Since the main application of the neocognitron was character recognition, translation invariance [61] was crucial. This property was a fundamental difference from earlier neural networks such as Rosenblatt’s perceptron: in order to use a perceptron reliably, one had to first normalise the position of the input pattern, whereas in the neocognitron, the insensitivity to the pattern position was baked into the architecture. Neocognitron achieved it by interleaving translationally-equivariant local feature extraction layers with pooling, creating a multiscale representation [62]. Computational experiments showed that Fukushima’s architecture was able to successfully recognise complex patterns such as letters or digits, even in the presence of noise and geometric distortions.
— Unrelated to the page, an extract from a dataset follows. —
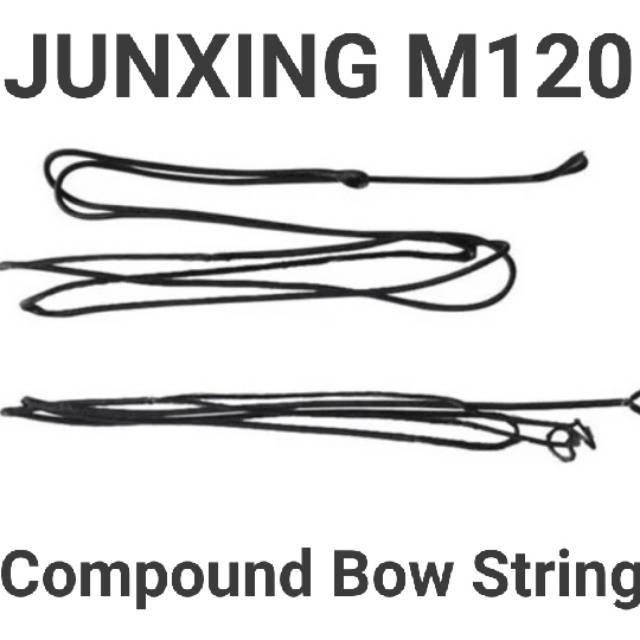 Bow String For Compound Bow Junxing M120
Looking from the vantage point of four decades of progress in the field, one finds that the neocognitron already had strikingly many characteristics of modern deep learning architectures: depth (Fukishima simulated a seven-layer network in his paper), local receptive fields, shared weights, and pooling. It even used half-rectifier (ReLU) activation function, which is often believed to be introduced in recent deep learning architectures [63]. The main distinction from modern systems was in the way the network was trained: neocognitron was trained in an unsupervised manner since backpropagation had still not been widely used in the neural network community.

Fukushima’s design was further developed by Yann LeCun, a fresh graduate from the University of Paris [64] with a PhD thesis on the use of backpropagation for training neural networks. In his first post-doctoral position at the AT&T Bell Laboratories, LeCun and colleagues built a system to recognise hand-written digits on envelopes in order to allow the US Postal Service to automatically route mail.

In a paper that is now classical [65], LeCun et al. described the first three-layer convolutional neural network (CNN) [66]. Similarly to the neocognitron, LeCun’s CNN also used local connectivity with shared weights and pooling. However, it forwent Fukushima’s more complex nonlinear filtering (inhibitory connections) in favour of simple linear filters that could be efficiently implemented as *convolutions* using multiply-and-accumulate operations on a digital signal processor (DSP) [67].

This design choice, departing from the neuroscience inspiration and terminology and moving into the realm of signal processing, would play a crucial role in the ensuing success of deep learning. Another key novelty of CNN was the use of backpropagation for training.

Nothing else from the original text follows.